This is the last of four GCSE Chemistry quizzes on bonding and it looks specifically at metallic bonding. It's difficult to imagine life without metals, we use them in practically every aspect of our lives. Virtually everything involves metals in some way but what makes them so useful? In a word - bonding. The arrangement of their atoms gives metals certain characteristics which are very useful to us. High melting and boiling points, reflection of light, conduction of heat and electricity - these are all properties that we take advantage of in some way.

In metals, the atoms are packed together really closely and this causes some of the outer electrons to break free and float around within the structure of the metal. We say that the electrons are delocalised. Because they have lost electrons, metal atoms are in fact metal ions, but you don't notice this because of the delocalised electrons. Since there are as many delocalised electrons as metal ions, the overall charge is still neutral.

Normally, the motion of the electrons is random and they can move anywhere in the metal. At GCSE level, the structure is often described as being 'metal ions in a sea of electrons'. The attraction between the 'sea' of electrons and the metal ions is very strong and we call it metallic bonding.
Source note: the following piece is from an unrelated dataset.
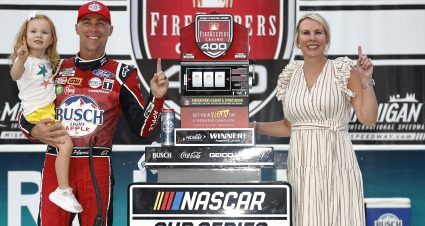 BROOKLYN, MICHIGAN - AUGUST 07: Kevin Harvick, driver of the #4 Busch Light Apple #BuschelOfBusch Ford, celebrates with his wife, DeLana Harvick and daughter, Piper in victory lane after winning the NASCAR Cup Series FireKeepers Casino 400 at Michigan International Speedway on August 07, 2022 in Brooklyn, Michigan. (Photo by Sean Gardner/Getty Images) | Getty Images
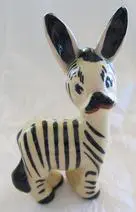 Ceramic figurine of a black and white zebra.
The positive metal ions are free to slide over one another and this makes metals malleable and ductile. The sea of electrons is spread throughout the metal, and so when it is pulled into wires, hammered to make it thinner or bent into a new shape, the overall composition and structure of the metal is not changed. The metal ions will have been rearranged but the sea of electrons adjusts to the new arrangement, keeping the metal intact. Some metals can be beaten into very thin sheets of foil without breaking. A good example of this is beating gold to make gold leaf. This can only be done because of metallic bonding.

The sea of electrons present in metallic bonding makes metals good conductors of heat. Heat is simply an area where particles have a greater kinetic energy (energy of movement) than their neighbours. So when you heat part of a piece of metal, the ions and electrons have more kinetic energy. The electrons will therefore move faster and further than they did when they were cooler, carrying the extra kinetic energy through the metal. At the same time, because the metal ions are so closely packed, they vibrate more and as they hit neighbouring ions, they too transfer the heat through the metal.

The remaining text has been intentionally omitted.